Помимо всех прочих условий, большое влияние на неуспех конной группы имело то обстоятельство, что донская конница за все время отступательной операции, охотно атакуя неприятельскую пехоту, решительно избегала вступать в бой с конницей. По свидетельству полковника Добрынина[170], «донское командование пыталось понудить (ее) к активности, но ничего сделать не могло, так как она не исполняла приказов об атаке конницы противника».
С распадением конной группы положение Добровольческой армии становилось еще более тяжелым, и ей в дальнейшем приходилось совершать труднейший фланговый марш под ударами справа всей советской 1-й Конной армии.
После ряда резких выступлений по моему адресу я был удивлен, получив 11 декабря от барона Врангеля частное письмо следующего содержания:
«В настоящую грозную минуту, когда боевое счастье изменило нам и обрушившаяся на нас волна красной нечисти готовится, быть может, поглотить тот корабль, который Вы, как кормчий, вели сквозь бури и непогоды, я, как один из тех, что шел за Вами почти с начала на этом корабле, я нравственно считаю себя обязанным сказать Вам, что сердцем и мыслями горячо чувствую, насколько сильно должны Вы переживать настоящее испытание судьбы.

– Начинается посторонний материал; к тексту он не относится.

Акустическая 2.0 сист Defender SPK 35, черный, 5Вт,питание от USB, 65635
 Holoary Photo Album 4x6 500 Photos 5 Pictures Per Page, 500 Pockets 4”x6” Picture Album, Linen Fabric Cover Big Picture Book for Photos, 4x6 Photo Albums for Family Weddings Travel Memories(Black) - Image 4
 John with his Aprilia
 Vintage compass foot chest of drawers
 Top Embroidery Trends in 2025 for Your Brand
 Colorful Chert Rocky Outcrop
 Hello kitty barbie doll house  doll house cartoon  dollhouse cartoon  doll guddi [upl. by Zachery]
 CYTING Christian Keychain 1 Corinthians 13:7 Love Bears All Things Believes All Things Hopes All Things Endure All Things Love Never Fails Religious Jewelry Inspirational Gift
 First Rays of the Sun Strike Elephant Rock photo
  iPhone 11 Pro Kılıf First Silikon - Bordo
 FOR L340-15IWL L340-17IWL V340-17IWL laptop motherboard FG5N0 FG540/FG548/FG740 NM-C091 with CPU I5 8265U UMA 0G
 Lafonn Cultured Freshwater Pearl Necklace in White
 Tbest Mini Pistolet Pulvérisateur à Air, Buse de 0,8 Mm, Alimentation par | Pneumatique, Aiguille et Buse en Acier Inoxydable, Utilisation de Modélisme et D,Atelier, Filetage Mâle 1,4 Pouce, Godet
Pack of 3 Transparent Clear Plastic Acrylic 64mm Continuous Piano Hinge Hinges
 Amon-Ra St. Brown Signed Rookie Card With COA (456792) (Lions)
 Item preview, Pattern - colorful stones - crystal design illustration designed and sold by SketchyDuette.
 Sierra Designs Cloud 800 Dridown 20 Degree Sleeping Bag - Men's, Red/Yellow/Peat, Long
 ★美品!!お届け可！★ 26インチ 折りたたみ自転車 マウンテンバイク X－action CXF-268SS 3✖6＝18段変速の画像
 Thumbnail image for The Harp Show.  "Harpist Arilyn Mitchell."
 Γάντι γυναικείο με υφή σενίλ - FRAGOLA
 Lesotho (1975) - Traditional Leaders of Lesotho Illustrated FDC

Если Вам может быть хоть малым утешением сознание, что те, кто пошел за Вами, с Вами вместе переживают и радости и горести, то прошу Вас верить, что сердцем и мыслями я ныне с Вами и рад всеми силами Вам помочь».
Я поверил этим словам, был тронут ими и ответил, что душевный порыв этот нашел во мне самый искренний отклик.
Между тем к 11 декабря под непрекращавшимся напором противника фронт центральных армий между Доном и Днепром отодвинулся еще далее на юг, до линии станица Вешенская — Славяносербск — Изюм; центр Добровольческой армии удерживался на среднем Донце, тогда как левый фланг, испытывавший меньшее давление, оставался у Константинограда. В тот же день командующий Добровольческой армией признал дальнейшее сопротивление в Донецком бассейне невозможным и вошел с рапортом об отводе центральной группы за Дон и Сал, оставив за нами лишь плацдарм по линии Новочеркасск — Таганрог. Вместе с тем генерал Врангель считал необходимым «подготовить все, дабы в случае неудачи… сохранить кадры армии и часть технических средств, для чего ныне же войти в соглашение с союзниками о перевозке в случае надобности армии в иностранные пределы…».
От командования Добровольческой армией барон Врангель отказывался, предлагая свернуть ее, ввиду малочисленности, в корпус. Прибывший в Таганрог по поручению барона генерал Науменко изложил его пожелание: предоставить ему, генералу Врангелю, формирование на Кубани трех конных корпусов, которые с придачей Терского корпуса, части донской и добровольческой конницы составили бы в будущем конную армию под его начальством[171].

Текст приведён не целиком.